=== What is being asked ===
Reproduce the data below exactly. Skip the pictures.
(Given material Opens)
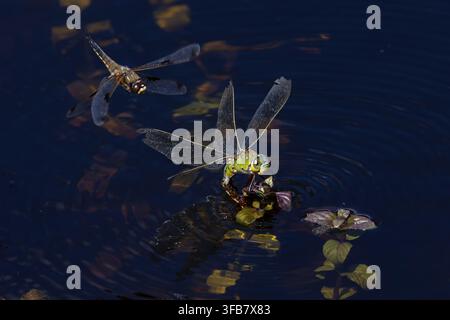 Blauer Kaiser (Anax imperator) Weibchen, das im Juli 2026 in Suffolk beim Ablegen von Eiern von einer Vierfleckigen Libelle (Libellula quadrimaculata) umschwärmt wird Stockfoto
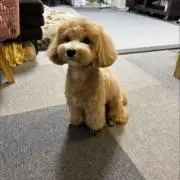 ちょに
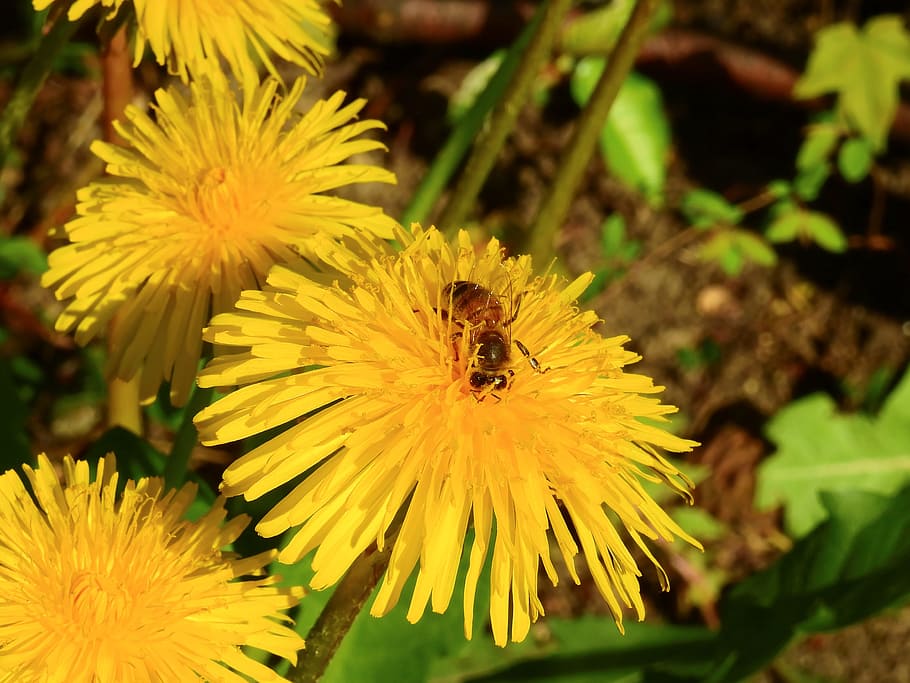 close up photography of yellow florwers, blossom, bloom, spring HD wallpaper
(Given material Closes)
=== Expected output ===
 Blauer Kaiser (Anax imperator) Weibchen, das im Juli 2026 in Suffolk beim Ablegen von Eiern von einer Vierfleckigen Libelle (Libellula quadrimaculata) umschwärmt wird Stockfoto
 ちょに
 close up photography of yellow florwers, blossom, bloom, spring HD wallpaper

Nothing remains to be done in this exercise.